Real-life applications – Tackling corrosion
One of the amazing aspects of electrochemistry is the fact that it is applied every day in our lives. From personal devices to industrial processes, electrochemical reactions are used for numerous applications.
A very common application used everywhere is galvanization, a process where a ferrous material (e.g., steel) is coated with a thin layer of zinc. The layer protects the surface of the metal part from atmospheric agents, preventing the formation of iron oxides and therefore stopping corrosion. Galvanization is a cost-effective solution for coating steel parts, specifically those significantly exposed to the environment over their lifetime.
Corrosion is also prevented by using “sacrificial anodes”. Sacrificial anodes are created from a metal alloy with a more negative electrochemical potential than the metal that needs to be protected. Consequently, corrosion will take place at the sacrificial anode rather than the metal it is protecting.
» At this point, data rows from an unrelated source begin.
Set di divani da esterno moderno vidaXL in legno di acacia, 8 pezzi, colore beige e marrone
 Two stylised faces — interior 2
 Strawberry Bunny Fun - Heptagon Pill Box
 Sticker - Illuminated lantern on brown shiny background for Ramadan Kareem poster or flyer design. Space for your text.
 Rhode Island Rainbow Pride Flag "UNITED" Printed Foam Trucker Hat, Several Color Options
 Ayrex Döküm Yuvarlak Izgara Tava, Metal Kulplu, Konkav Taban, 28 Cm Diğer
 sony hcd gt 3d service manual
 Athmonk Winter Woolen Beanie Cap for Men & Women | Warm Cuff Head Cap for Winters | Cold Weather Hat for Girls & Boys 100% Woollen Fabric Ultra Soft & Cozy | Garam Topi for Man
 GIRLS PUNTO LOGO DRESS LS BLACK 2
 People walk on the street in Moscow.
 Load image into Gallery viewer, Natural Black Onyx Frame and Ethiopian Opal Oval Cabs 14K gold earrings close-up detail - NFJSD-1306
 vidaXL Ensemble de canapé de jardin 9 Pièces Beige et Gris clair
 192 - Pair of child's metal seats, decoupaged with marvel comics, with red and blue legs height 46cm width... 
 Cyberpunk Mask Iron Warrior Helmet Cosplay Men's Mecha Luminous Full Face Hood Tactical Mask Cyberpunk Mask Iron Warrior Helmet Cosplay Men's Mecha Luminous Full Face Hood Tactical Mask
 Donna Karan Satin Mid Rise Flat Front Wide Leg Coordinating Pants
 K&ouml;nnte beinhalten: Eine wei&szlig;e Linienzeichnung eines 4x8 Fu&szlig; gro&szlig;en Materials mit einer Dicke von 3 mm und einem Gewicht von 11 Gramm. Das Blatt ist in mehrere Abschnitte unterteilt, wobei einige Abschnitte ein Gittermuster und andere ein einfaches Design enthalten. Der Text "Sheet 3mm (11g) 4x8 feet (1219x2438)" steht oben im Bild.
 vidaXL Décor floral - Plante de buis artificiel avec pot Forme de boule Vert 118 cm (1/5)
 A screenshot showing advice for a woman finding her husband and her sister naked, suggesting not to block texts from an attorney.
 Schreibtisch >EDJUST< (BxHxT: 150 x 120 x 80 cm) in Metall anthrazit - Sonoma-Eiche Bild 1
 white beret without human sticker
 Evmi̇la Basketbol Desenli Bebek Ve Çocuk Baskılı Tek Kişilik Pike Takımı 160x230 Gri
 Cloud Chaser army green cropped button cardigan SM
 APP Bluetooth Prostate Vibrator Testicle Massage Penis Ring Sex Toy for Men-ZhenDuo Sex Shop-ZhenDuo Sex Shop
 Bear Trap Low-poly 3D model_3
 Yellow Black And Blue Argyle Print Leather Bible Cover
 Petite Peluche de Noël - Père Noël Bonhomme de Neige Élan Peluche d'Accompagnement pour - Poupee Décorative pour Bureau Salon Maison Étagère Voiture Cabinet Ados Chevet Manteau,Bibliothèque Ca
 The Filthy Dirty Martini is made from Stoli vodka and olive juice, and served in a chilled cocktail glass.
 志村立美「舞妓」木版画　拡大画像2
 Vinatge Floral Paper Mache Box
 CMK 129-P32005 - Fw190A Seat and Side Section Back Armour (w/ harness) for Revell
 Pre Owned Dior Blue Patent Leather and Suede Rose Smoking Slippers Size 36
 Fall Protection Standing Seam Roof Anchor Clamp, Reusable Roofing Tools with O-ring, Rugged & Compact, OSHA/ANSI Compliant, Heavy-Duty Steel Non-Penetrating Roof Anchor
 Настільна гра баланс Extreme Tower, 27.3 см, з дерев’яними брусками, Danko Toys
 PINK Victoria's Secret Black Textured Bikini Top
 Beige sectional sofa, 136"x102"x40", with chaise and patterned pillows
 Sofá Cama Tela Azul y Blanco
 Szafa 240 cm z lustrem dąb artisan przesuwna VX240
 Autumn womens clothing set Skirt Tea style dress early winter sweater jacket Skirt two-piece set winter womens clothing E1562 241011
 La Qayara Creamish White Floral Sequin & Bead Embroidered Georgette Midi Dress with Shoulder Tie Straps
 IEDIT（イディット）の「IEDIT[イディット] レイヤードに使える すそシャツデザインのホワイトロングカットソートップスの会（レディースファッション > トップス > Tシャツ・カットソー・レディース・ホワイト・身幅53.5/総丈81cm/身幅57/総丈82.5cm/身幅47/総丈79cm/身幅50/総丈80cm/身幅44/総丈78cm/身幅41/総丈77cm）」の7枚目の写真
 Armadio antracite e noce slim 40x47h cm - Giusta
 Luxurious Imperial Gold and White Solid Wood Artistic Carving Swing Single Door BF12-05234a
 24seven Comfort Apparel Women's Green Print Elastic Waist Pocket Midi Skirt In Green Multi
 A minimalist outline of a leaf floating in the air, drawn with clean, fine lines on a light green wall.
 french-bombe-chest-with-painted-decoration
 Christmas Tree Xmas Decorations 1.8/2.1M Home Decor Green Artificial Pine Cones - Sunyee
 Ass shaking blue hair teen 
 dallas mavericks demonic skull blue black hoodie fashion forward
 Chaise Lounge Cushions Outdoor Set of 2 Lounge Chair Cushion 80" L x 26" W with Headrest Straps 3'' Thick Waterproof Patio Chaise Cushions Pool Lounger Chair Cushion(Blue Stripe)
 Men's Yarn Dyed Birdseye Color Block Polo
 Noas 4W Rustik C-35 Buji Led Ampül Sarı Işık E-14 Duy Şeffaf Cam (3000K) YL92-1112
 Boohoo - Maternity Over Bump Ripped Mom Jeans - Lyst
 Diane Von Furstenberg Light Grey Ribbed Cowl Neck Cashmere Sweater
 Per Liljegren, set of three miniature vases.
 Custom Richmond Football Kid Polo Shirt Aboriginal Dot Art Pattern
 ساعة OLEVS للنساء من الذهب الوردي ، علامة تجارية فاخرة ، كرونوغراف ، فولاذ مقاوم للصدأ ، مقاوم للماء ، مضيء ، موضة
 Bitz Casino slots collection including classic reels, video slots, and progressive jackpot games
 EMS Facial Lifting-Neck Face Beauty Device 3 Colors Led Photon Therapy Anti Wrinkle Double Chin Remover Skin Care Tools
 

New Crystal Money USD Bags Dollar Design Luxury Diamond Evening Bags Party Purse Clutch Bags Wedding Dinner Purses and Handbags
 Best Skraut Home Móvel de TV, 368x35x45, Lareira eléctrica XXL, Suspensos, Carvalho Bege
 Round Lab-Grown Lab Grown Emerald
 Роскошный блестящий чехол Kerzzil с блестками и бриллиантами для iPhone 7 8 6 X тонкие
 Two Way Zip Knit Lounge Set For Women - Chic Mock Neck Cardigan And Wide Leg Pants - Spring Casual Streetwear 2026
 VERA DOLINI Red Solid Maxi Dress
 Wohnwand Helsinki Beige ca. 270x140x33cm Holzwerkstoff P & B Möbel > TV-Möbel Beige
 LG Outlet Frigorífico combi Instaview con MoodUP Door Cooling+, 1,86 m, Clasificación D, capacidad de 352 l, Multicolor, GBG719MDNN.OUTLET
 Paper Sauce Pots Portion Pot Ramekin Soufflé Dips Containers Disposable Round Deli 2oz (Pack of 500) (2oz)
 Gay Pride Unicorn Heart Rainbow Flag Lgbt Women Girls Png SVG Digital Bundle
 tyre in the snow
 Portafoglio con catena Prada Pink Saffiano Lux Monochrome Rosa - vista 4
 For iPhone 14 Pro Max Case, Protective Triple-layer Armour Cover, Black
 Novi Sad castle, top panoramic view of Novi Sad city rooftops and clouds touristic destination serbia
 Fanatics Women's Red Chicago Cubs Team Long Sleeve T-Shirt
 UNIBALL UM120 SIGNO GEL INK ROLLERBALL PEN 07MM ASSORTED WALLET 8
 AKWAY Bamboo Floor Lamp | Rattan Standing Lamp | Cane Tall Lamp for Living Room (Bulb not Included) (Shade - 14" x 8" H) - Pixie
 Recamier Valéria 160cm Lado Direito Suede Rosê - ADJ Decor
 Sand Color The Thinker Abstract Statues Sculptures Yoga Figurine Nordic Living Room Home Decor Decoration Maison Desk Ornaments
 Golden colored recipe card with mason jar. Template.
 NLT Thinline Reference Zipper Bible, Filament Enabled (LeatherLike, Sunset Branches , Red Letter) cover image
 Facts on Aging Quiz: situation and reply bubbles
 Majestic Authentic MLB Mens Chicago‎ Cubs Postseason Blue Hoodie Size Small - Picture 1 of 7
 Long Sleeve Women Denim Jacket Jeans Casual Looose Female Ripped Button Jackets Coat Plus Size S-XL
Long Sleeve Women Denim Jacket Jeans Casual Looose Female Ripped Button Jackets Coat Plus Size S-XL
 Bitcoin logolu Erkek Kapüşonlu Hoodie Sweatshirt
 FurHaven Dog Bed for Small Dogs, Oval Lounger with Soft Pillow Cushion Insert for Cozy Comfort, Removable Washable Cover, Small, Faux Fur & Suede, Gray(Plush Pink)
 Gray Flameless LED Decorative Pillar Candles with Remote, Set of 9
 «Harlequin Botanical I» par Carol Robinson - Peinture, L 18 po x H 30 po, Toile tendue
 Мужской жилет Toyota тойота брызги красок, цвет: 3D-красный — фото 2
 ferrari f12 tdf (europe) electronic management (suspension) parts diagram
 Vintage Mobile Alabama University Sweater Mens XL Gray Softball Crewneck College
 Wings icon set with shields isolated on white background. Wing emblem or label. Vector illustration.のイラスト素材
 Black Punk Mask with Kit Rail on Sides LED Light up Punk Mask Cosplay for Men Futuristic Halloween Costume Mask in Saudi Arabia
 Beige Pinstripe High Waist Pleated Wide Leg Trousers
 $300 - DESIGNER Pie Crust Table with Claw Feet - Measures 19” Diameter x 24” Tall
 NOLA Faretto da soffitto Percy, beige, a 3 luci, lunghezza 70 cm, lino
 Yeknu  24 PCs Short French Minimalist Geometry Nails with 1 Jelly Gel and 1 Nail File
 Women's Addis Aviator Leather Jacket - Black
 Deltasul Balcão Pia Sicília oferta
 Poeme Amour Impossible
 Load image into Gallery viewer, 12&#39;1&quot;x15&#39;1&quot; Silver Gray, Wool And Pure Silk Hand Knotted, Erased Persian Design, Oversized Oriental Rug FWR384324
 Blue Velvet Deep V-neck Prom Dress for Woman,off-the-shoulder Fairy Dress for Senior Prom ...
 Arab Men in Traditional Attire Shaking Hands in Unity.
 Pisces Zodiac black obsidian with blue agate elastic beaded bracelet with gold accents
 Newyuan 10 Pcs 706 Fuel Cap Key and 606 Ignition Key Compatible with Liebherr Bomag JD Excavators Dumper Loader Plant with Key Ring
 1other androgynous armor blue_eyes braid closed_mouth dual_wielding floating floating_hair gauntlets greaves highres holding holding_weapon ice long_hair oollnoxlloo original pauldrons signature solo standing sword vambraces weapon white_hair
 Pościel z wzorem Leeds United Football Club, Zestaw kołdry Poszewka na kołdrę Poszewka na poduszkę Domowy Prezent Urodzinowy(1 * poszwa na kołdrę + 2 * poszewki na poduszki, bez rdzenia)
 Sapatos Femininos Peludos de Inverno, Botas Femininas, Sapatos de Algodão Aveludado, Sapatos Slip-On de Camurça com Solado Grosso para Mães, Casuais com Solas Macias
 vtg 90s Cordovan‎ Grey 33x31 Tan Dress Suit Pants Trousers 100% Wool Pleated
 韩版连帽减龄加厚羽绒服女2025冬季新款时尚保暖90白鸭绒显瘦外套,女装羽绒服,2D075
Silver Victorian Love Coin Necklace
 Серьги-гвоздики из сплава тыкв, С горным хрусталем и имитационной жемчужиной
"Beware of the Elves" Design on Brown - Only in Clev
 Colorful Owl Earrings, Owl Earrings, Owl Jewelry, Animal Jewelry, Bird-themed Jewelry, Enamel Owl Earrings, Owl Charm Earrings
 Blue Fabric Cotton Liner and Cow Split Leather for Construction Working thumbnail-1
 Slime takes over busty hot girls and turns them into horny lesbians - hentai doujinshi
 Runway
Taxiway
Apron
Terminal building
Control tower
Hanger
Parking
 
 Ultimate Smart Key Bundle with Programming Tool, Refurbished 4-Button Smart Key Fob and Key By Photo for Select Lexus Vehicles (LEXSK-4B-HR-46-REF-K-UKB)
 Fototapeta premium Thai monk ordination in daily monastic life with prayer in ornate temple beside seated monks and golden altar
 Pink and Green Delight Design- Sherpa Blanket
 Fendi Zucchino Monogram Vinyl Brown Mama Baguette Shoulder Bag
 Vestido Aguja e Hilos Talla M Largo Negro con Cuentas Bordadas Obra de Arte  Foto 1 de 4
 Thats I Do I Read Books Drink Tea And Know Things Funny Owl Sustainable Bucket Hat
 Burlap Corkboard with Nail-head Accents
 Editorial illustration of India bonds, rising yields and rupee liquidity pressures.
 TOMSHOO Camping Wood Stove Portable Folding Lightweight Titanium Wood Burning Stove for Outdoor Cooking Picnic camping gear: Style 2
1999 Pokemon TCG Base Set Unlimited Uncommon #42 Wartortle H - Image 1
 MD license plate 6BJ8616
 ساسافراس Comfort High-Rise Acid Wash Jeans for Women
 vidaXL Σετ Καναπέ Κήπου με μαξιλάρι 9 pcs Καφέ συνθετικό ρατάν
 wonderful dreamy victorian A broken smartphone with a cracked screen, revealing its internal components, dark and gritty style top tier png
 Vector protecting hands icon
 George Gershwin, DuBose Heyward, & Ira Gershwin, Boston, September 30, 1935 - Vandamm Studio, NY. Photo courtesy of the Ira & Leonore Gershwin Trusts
The revolution of portable devices
The main applications of electrochemistry are certainly found in batteries, which generally contain at least one voltaic cell and are used for the storage and generation of electricity.
When the electrochemical reactions are irreversible and the materials in the electrodes are exhausted, the batteries are non-rechargeable and disposable (primary batteries). These are the common batteries usually found in flashlights and remote controls.
On the other hand, the batteries used in cars and portable devices are defined as secondary batteries. In this case, the electrochemical reactions are reversible and the batteries can be recharged by using an external electrical source.
Over the last three decades, lithium-ion (Li-ion) batteries have revolutionized the world of technology, particularly concerning portable devices. Their advent has been a game-changer, as evidenced by the 2019 Nobel Prize in Chemistry.
Li-ion batteries can store much more energy per unit weight or volume compared to other rechargeable battery systems. Due to the use of non-aqueous electrolytes, Li-ion batteries can achieve high voltages (3-5 V per cell) and have a lower self-discharge.
Powering vehicles with electrochemical reactions
Another way of generating electricity from electrochemical reactions is with fuel cells. These devices have been studied for decades although so much research is still in progress. Fuel cells find applications in the automotive sector since they can produce enough energy to power buses, cars, and other vehicles.
The electrochemical reaction in fuel cells combines oxygen and fuel (i.e., hydrogen gas) to give water, heat, and of course, electricity. A single fuel cell can only produce a small amount of power. However, multiple cells can be grouped in a fuel cell stack, allowing for the production of a high amount of energy.
Hydrogen fuel cells are an environmentally friendly option for powering engines. Since the only by-product is water, they are much cleaner than conventional internal combustion engines. Besides hydrogen, a variety of fuels can be used, such as natural gas and methanol. Fuel cells can operate for an infinite amount of time provided fuel is added.
Like the other batteries, fuel cell systems consist of anode and cathode, but also have an electrolyte membrane. The membrane is generally polymer-based (i.e., Nafion®), although there is a lot of commercial interest also in solid oxide fuel cells (SOFCs).
Since the development of the very first battery more than 200 years ago, electrochemistry has always had applications in real-life. Not only it finds uses in the building or naval sector by tackling corrosion, but it is also applied in other fields such as the development of sensors or metal deposition in jewelry manufacturing.
Enormous achievements have been made in the development of batteries and lots of research is still in progress, focussing on hot topics such as Li-ion batteries for portable devices and fuel cells for the production of clean energy in propulsion systems.